Until they regain party members’ trust, Labour rebels will struggle to achieve anything

Most Corbynsceptic MPs are in the incoherent position of being against a party split, but against making the best of things either. 

By Stephen Bush

The most important thing in politics is to be trusted: if you aren’t trusted, then anything you say is discounted. Jeremy Corbyn provides one of the most striking electoral examples of this: Labour party policies are popular with almost everyone in the electorate, but, broadly, the 40 per cent of the electorate that agreed with Corbyn’s policies and trusted him to deliver them voted for Labour, while the remainder of the electorate, which agreed with Corbyn’s policies, but crucially did not trust him to deliver them, voted for someone else.

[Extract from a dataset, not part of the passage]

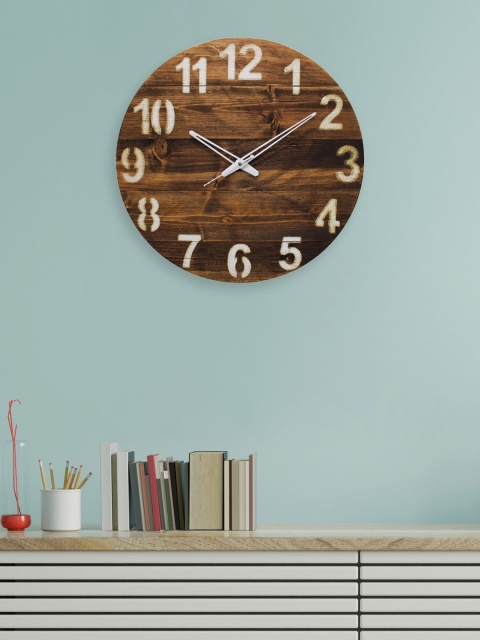 

AURA Brown Twelve Players Wooden Designer Wall Clock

One of the problems that Labour has is that hardly anyone in Parliament is trusted to criticise the Labour leadership. That means that, in areas where party policy is cowardly (drugs, which are mentioned just once in the 2017 manifesto, in the context of hiring more border guards), incomplete (prison policy, where Labour’s ambition extends no further than merely a well-funded version of the status quo) or simply missing in action (anyone know what Labour policy on the Universal Credit is at time of writing?) there is no challenge.

Labour MPs, whether they want to change a specific policy or the party’s direction, have the same problem: as a class “a Labour MP criticising a decision made by the leadership” is about as popular as typhoid, and they aren’t trusted either. This means they cannot effectively lobby to change party policy.

Why aren’t Labour MPs trusted? They are the victims of decisions made by, in no particular order: Labour MPs in Jeremy Corbyn’s first Shadow Cabinet, Labour MPs in June 2016, Labour grandees during the 2015 Labour leadership campaign, Labour leadership candidates in 2015, Tony Blair, Harriet Harman and themselves.

Last night, 20 Labour MPs have rebelled over the party’s decision to back the tax cut for people earning above £45,000, which will see the point at which you start paying taxes of 40p in the pound move from £45,000 to £50,000. Crucially, the revenue foregone by the Treasury is more than enough to pay to end the benefits cap, which Labour’s 2017 manifesto kept in place.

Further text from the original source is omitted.